[Short descriptive text snippets]
==================================================

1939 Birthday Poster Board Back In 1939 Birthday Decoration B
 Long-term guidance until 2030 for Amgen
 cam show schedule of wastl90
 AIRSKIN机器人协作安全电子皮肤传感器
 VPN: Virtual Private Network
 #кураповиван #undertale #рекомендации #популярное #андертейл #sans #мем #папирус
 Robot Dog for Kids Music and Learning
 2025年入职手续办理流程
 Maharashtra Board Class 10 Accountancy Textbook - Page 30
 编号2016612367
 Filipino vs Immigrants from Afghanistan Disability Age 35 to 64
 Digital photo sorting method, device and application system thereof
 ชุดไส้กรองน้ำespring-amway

==================================================

TASK DIRECTIONS
Copy the data exactly. Leave nothing out.

EXPECTED ANSWER
1939 Birthday Poster Board Back In 1939 Birthday Decoration B
 Long-term guidance until 2030 for Amgen
 cam show schedule of wastl90
 AIRSKIN机器人协作安全电子皮肤传感器
 VPN: Virtual Private Network
 #кураповиван #undertale #рекомендации #популярное #андертейл #sans #мем #папирус
 Robot Dog for Kids Music and Learning
 2025年入职手续办理流程
 Maharashtra Board Class 10 Accountancy Textbook - Page 30
 编号2016612367
 Filipino vs Immigrants from Afghanistan Disability Age 35 to 64
 Digital photo sorting method, device and application system thereof
 ชุดไส้กรองน้ำespring-amway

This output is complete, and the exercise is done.